Di che parleremo?
Questa rubrica non nasce dalle nostalgie per la matita rossa e blu di un professore in pensione; e nemmeno da smanie di purismo per una lingua che, com’è suo mestiere, negli ultimi decenni ha accelerato i suoi cambiamenti. Non c’è da indignarsi se ormai troviamo sul vocabolario parole come opinionista e tronista: corrispondono a figure esistenti (quelle sì, volendo, deprecabili). E se una cosa esiste, è ben giusto che ci sia un termine per indicarla. E nemmeno c’è da prendersela per un’esterofilia che sembra faccia parte del costume nazionale. Per designare il computer, in Francia come in Spagna, hanno creato un loro neologismo (rispettivamente ordinateur e ordenadór), mentre noi abbiamo copiato pari pari la parola inglese, e per buona misura abbiamo accolto anche l’acronimo picì (pc, personal computer). È successo così (vai a capire perché), non c’è stato nessun complotto anti-italiano.

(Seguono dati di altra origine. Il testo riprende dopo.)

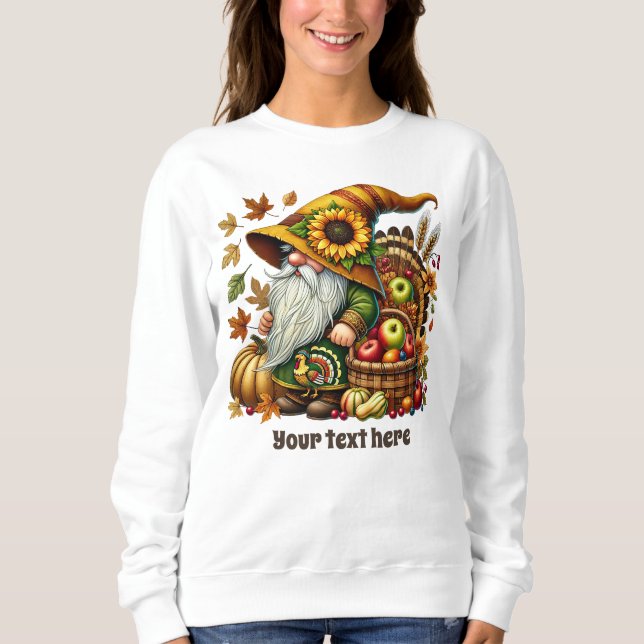 Sudadera Cute Fall Seasonal gnome add text  (Anverso)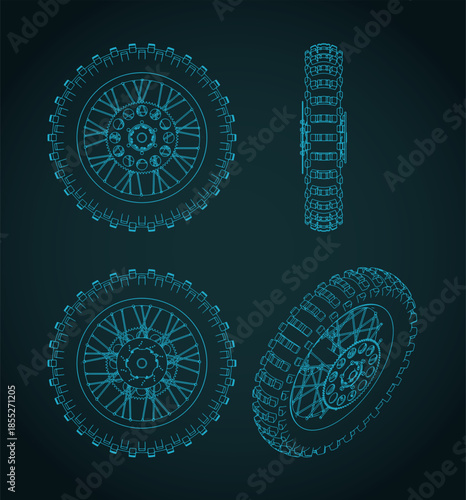 Dirt bike rear wheel blueprints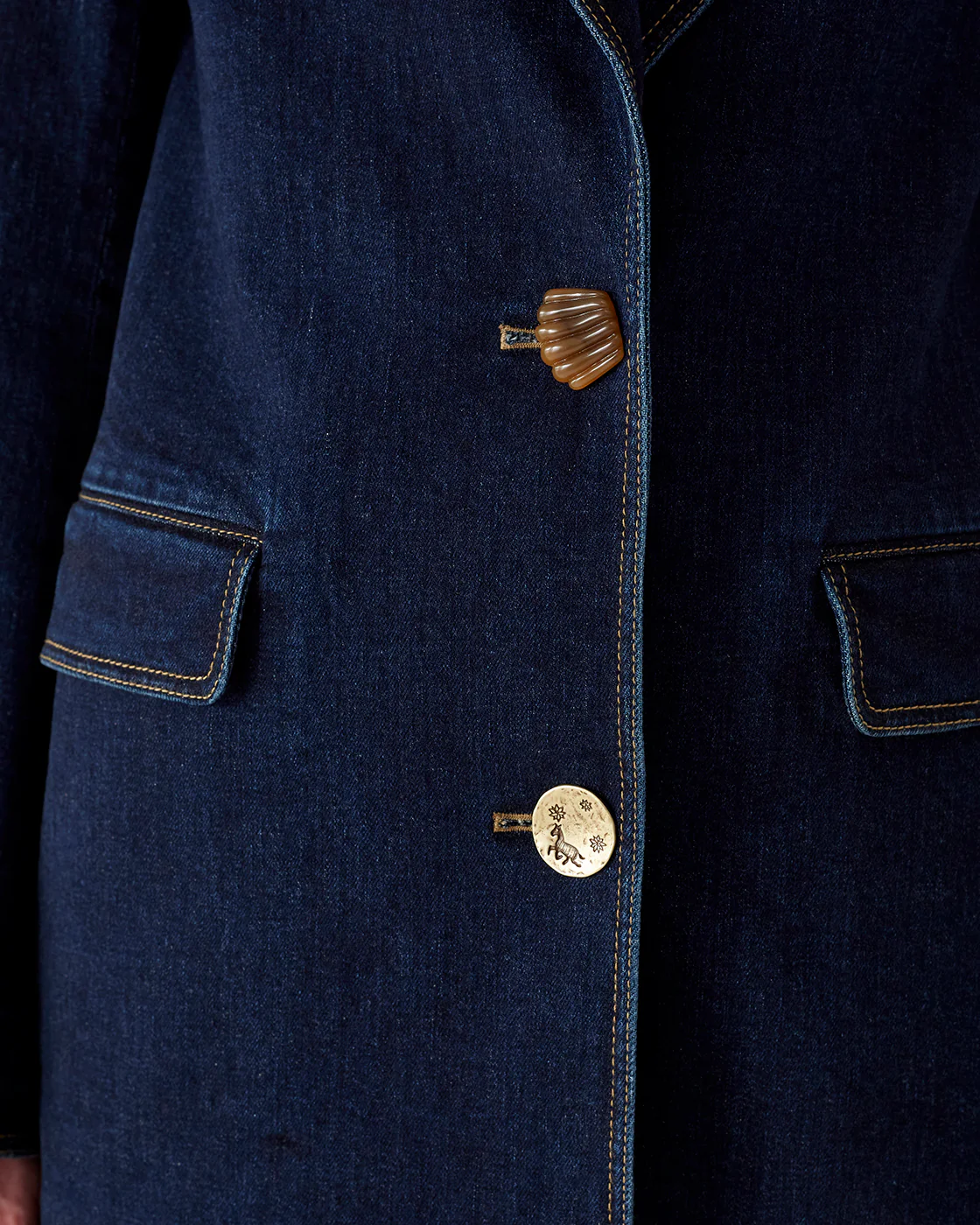 Mina Blazer Organic Cotton Denim Dark Indigo - Image 3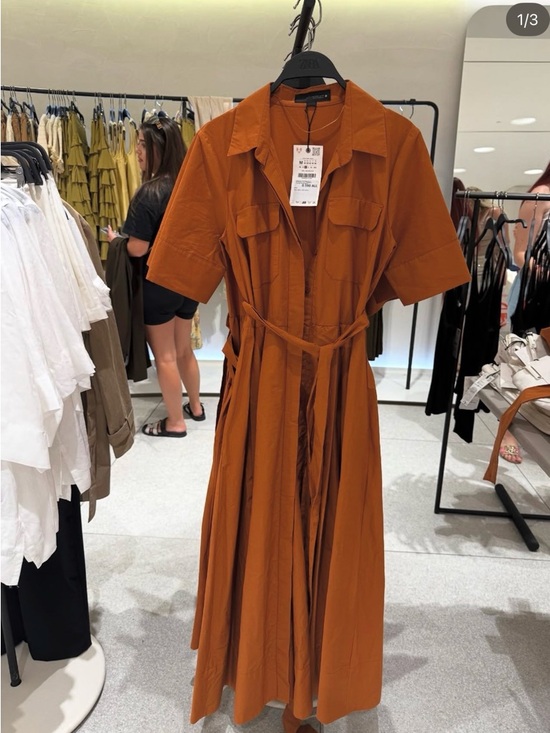 Zara Dresses & Skirts - Zara Rust Orange Shirt‑Style Maxi Dress with Self Tie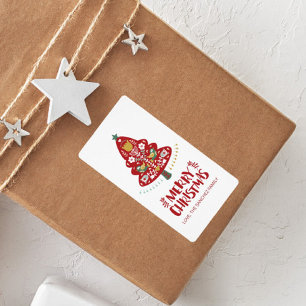 Scandinavische kerstboom met kerstcadeaulabel etiket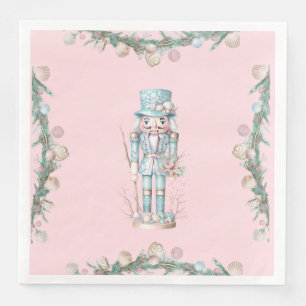 Coastal Christmas Nutcracker Seashell Napkin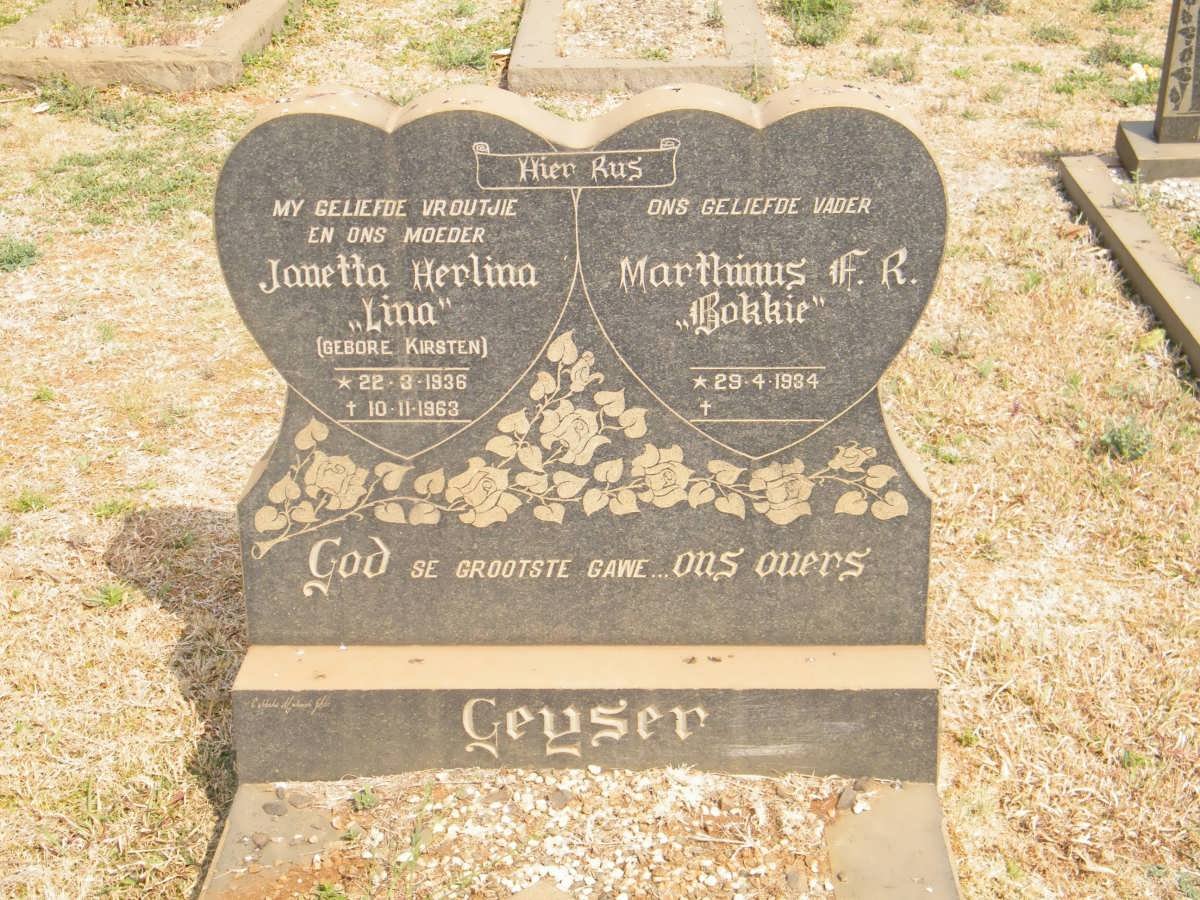 GEYSER Marthinus F.R. 1934- &amp; Janetta Herlina KIRSTEN 1936-1963 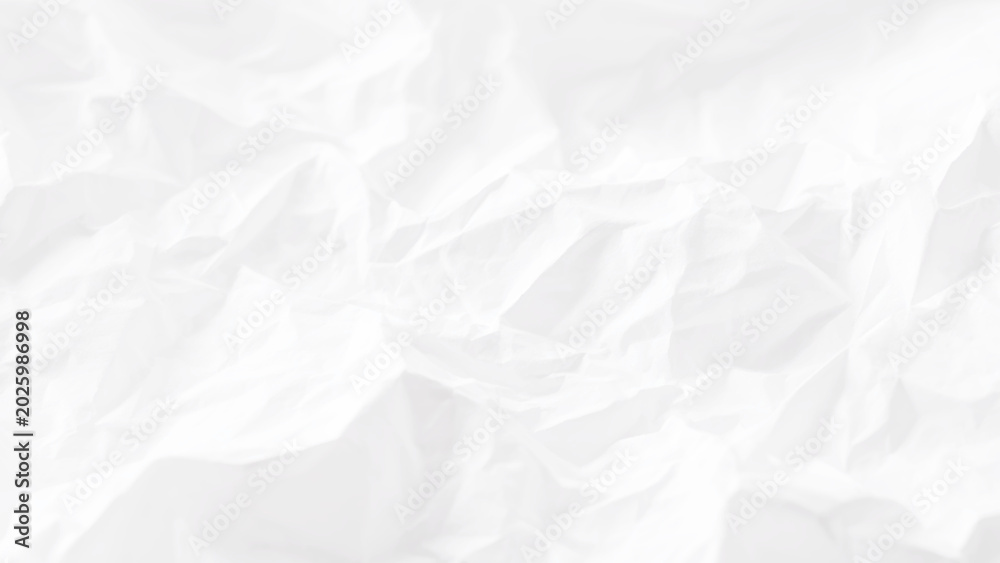 Fototapeta premium Crumpled white paper texture background with creases and folds abstract design element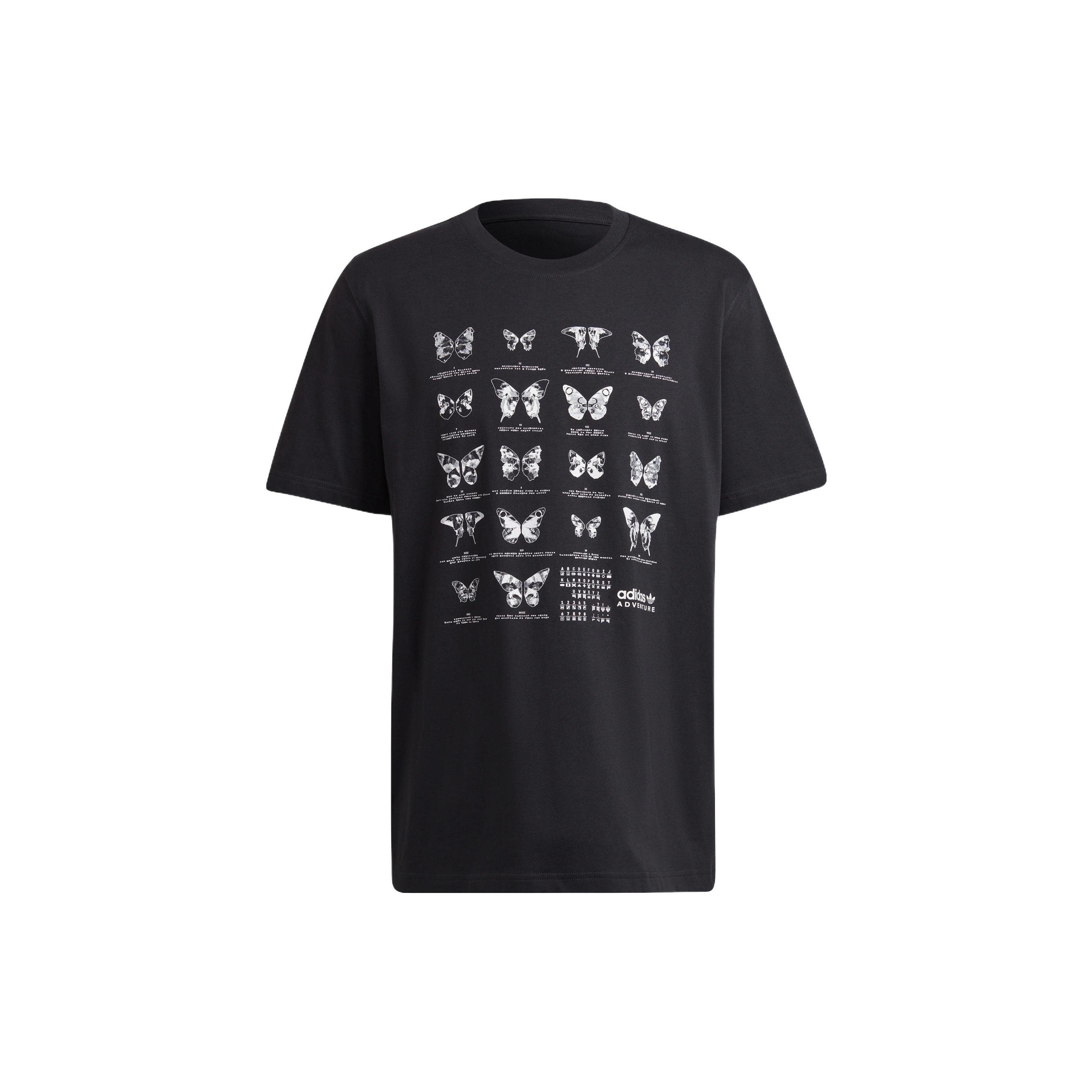 Men s adidas originals Butterfly Printing Casual Sports Loose Short Sleeve Black T-Shirt HF4802 S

Esistono però anche le novità inutili o addirittura fastidiose, in grado cioè di provocare fraintendimenti, di ostacolare la comprensione di una frase (scritta od orale che sia), o di complicarla nell’illusione di nobilitarla: vedi il sessantottesco nella misura in cui al posto di un semplice se o poiché (16 lettere anziché due o sei)
La cosa è aggravata dal fatto che la televisione è probabilmente il mezzo principale attraverso il quale avvengono i mutamenti linguistici; e qui, fra reality show e talk-show mal frequentati, se ne sentono di tutti i colori, e certi spropositi piacciono, finendo per imporsi. Ad opera, ahimè, non soltanto di ragazzotti di scarsi studi.
Di tutto questo - lingua scritta e lingua parlata - tratterà la nuova rubrica, a cui ci piacerebbe che anche i lettori contribuissero, correggendo i nostri errori (chi scrive non è un docente di glottologia) e aiutandoci con suggerimenti e segnalazioni.